I used to listen to sports radio to fill that time, but the local station has
fired all their decent on-air talent, so I guess, thanks Entercom?

------
acollins1331
I was thinking about this last night and how I'm glad I don't read so many
books. It seems like it would be hard to internalize a lot of the story. I
used to read a lot more, and can think fondly on many of the books I read but
cannot recall most plot details etc. Taking time to read a book, a few weeks,
gives you time to digest it and ponder some of what it's saying, and create
some long term memories as well! Gorging yourself on hundreds of books a year
is probably only marginally better than doing the same with TV shows.

------
drewbt
How many edx courses from top universities could you do in the same amount of
time?

Perhaps a balance between the two.

Binge watch?

How about binge development.

It is definitely worth focusing on quality rather than quantity.
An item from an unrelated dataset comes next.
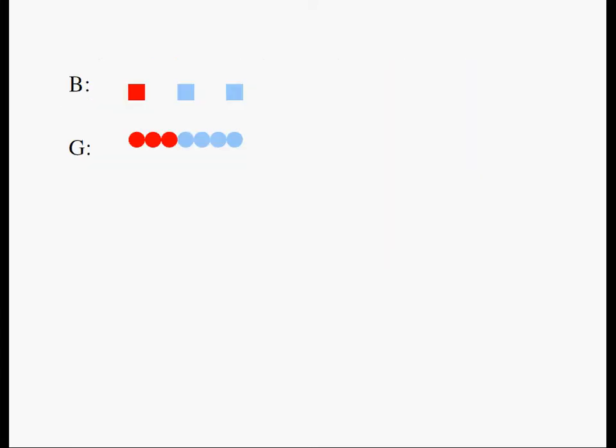I'm going to use 3 squares to represent all the boys and 7 circles to represent all the girls. According to the question, one-third of the boys wore goggles, so this must represent the boys who wore goggles.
Personally I have found hacker news to be a highly valuable resource over the
past few years. Many books I have read, and interesting topics I have looked
into have come from all of your posts, comments and recommendations.

The signal to noise ratio is among the best on the web that I have encountered
thus far.

------
namanyayg
Article is just blogspam for their dubious "habit coach" service, contains
multiple affiliate links to the same.

Rest of the article seems to be fluff, as another commentor pointed out the
author estimates 2 hours per book. That's laughable.

Regardless of the fact if it's even possible to read that quickly, what about
retaining and revising what you learnt? Especially important if you're reading
non-fiction. I'm trying to experiment with the Zettelkasten method (posted on
HN a few days ago) to see if that works.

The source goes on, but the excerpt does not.